Gradient Boosted Trees

scala

val model = gbm(formula, data,
  ntrees    = 500,
  maxDepth  = 20,
  maxNodes  = 6,
  nodeSize  = 5,
  shrinkage = 0.05,
  subsample = 0.7)

AdaBoost

scala

val model = adaboost(formula, data,
  ntrees   = 500,
  maxDepth = 20,
  maxNodes = 6,
  nodeSize = 1)

Discriminant Analysis

scala

// Fisher's Linear Discriminant
val model = fisher(x, y, L = -1, tol = 1e-4)

// Linear Discriminant Analysis
val model = lda(x, y, priori = null, tol = 1e-4)

// Quadratic Discriminant Analysis
val model = qda(x, y, priori = null, tol = 1e-4)

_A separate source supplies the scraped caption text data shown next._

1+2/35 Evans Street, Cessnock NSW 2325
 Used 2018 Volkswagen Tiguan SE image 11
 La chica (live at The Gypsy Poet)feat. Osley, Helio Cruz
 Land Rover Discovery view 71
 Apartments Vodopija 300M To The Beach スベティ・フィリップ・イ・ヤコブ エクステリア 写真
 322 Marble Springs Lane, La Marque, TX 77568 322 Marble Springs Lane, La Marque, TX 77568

// Regularized Discriminant Analysis (blends LDA and QDA)
val model = rda(x, y,
  alpha  = 0.5,       // 0 = LDA, 1 = QDA
  priori = null,
  tol    = 1e-4)

Naive Bayes

scala

import smile.classification.DiscreteNaiveBayes

// Document classification with add-k smoothing
val model = naiveBayes(x, y,
  model  = DiscreteNaiveBayes.Model.MULTINOMIAL,
  priori = null,
  sigma  = 1.0)

// General form with continuous distributions
val model = naiveBayes(priori, condprob)

Multiclass Wrappers

scala

// One-vs-One (K*(K-1)/2 binary classifiers; max-wins voting)
val model = ovo(x, y) { (x, y) => svm(x, y, kernel, C = 1.0) }

// One-vs-Rest (K binary classifiers; highest confidence wins)
val model = ovr(x, y) { (x, y) => svm(x, y, kernel, C = 1.0) }

Both ovo and ovr accept any trainer function (Array[T], Array[Int]) => Classifier[T], expressed as a curried Scala lambda.

Regression

Import smile.regression.*.

Linear Models

scala

import smile.data.formula.*
import smile.regression.*

// Ordinary Least Squares
val model = lm(formula, data,
  method    = OLS.Method.QR,  // "svd" or "qr"
  stderr    = true,
  recursive = true)

// Ridge Regression (L2 penalty)
val model = ridge(formula, data, lambda = 0.1)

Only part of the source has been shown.